Podatki od budynków rezydencyjnych (domów i mieszkań) stanowią największe źródło wpływów z podatków (64.3%). W 2013 roku wpływy z podatku od nieruchomości zebrane przez 6 tys. lokalnych samorządów wynosiły ponad $27 miliardów. To drugi co do wielkości dochód w skali całego kraju i niemal 36% więcej niż jeszcze dekadę temu.
Powiat Cook zebrał w 2013 roku ponad $12 mld w podatkach od nieruchomości, z tego ponad $6.8 mld przeznaczono na szkoły w Cook County.

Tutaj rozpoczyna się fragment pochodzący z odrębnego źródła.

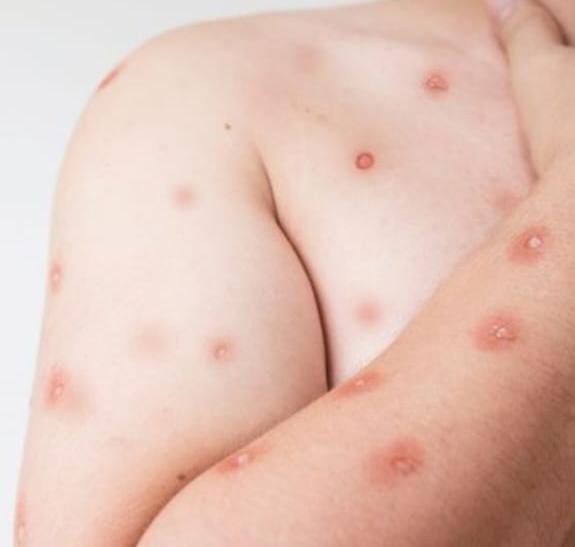 Ribeirão Preto confirma dois casos de mpox em 2026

Autorzy raportu RealtyTrack przeanalizowali podatki od nieruchomości także w ponad 1,042 powiatach. Okazało się, że w gronie tych, gdzie tzw. property taxes były najwyższe w 2014 znalazł się położony w metropolii chicagowskiej De Kalb County, ze średnią stawką podatku od nieruchomości wynoszącą 3.27%. Najgorzej pod tym względem jest w Westchester County, w stanie Nowy Jork, gdzie podatek od nieruchomości wynosi 7.53%.
Zamrożenie podatków od nieruchomości jest ważnym komponentem probiznesowego planu republikańskiego gubernatora Bruce"a Raunera pod nazwą "Illinois Turnaround".
Burmistrz Rahm Emanuel przyznał pod koniec lipca, że nie zamyka całkowicie możliwości podniesienia podatku od nieruchomości w celu zrównoważenia miejskiego budżetu, ale na ostateczną decyzję w tej sprawie trzeba będzie jeszcze poczekać. Burmistrz projekt budżetu przedstawi we wrześniu.
Ze wstępnych wyliczeń podawanych przez biuro burmistrza wynika, że dziura budżetowa może wzrosnąć do $754 mln, biorąc pod uwagę fakt, że miasto musi przekazać $338 mln na system emerytalny policjantów i strażaków. Prezydent Civic Federation, Laurence Msall powiedział, że biorąc pod uwagę te liczby podwyżka podatku od nieruchomości czy sprzedaży jest „nieunikniona”.
Na początku lipca miasto zaciągnęło $1.1 miliarda pożyczki, z czego $743 miliony nie podlegają opodatkowaniu, a to oznacza, że ta kwota będzie obarczona 8-procentowymi odsetkami. W ciągu najbliższych 30 lat Chicago będzie zmuszone zapłacić $500 mln dolarów w samych odsetkach. Burmistrz Rahm Emanuel tłumaczył, że pieniądze z pożyczki będą przeznaczone na spłacenie bieżących zobowiązań, a także pokrycie starych rachunków, jak choćby związanych z ubieganiem się przez Chicago o organizację igrzysk olimpijskich w 2016 roku.